Without reproducing any image, print the listing below exactly.

_COLLECTED MATERIAL_
§ §
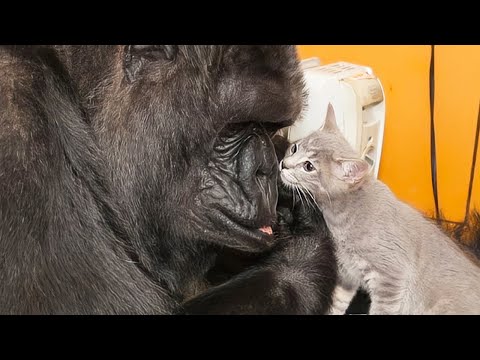 樹齢約13,000年:猫と人間の深い絆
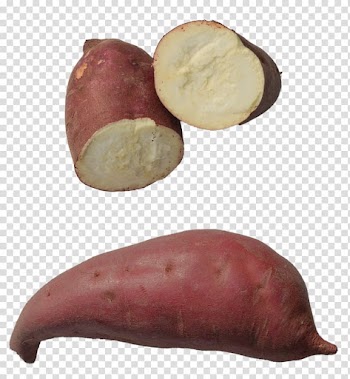 Root Vegetables Sweet potato Food, yam transparent background PNG clipart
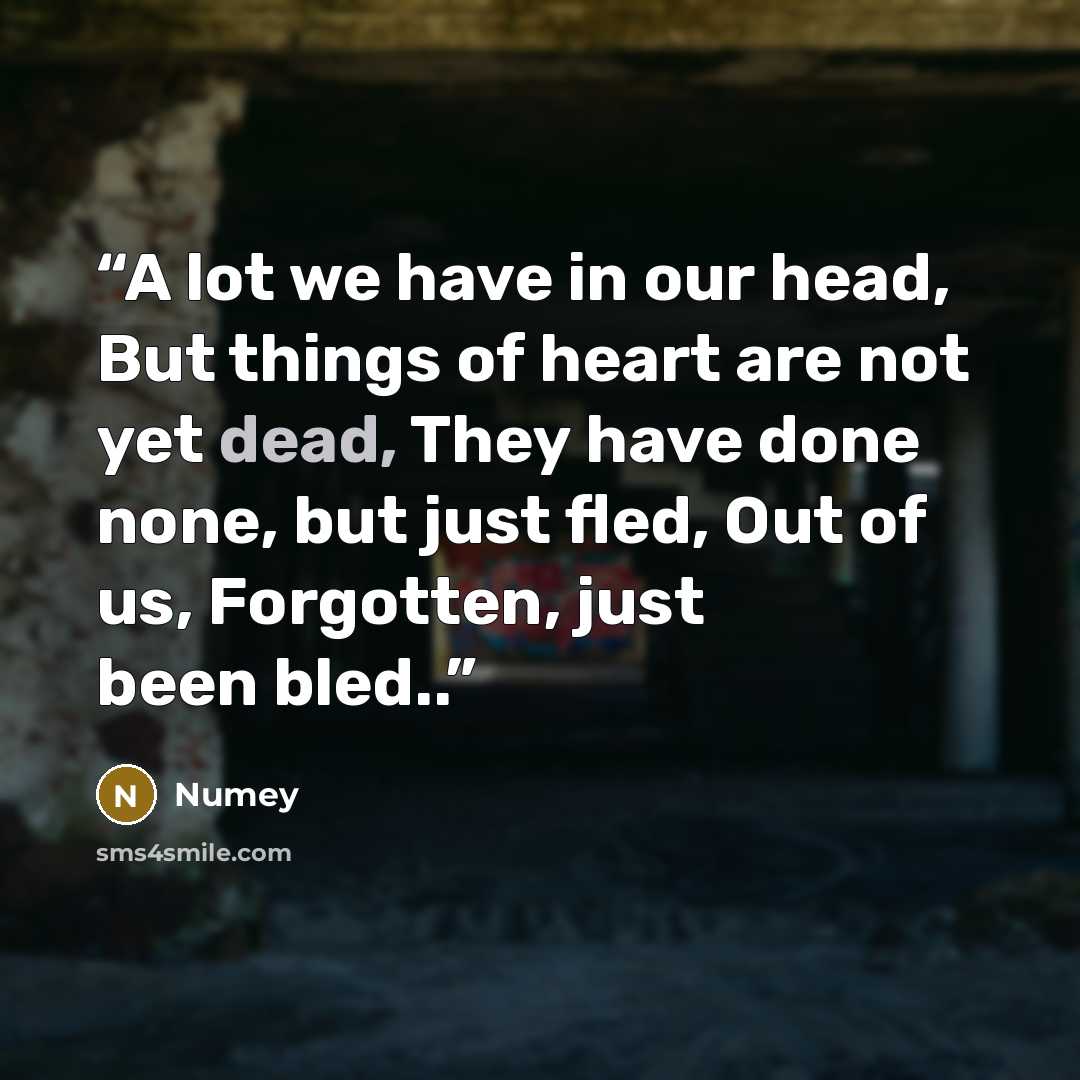 “A lot we have in our head, But things of heart are not yet dead, They have done none, but just fled, Out of us, Forgotten, just been bled..” quote by Numey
§ §
_OUTPUT FOR THIS TASK_
 樹齢約13,000年:猫と人間の深い絆
 Root Vegetables Sweet potato Food, yam transparent background PNG clipart
 “A lot we have in our head, But things of heart are not yet dead, They have done none, but just fled, Out of us, Forgotten, just been bled..” quote by Numey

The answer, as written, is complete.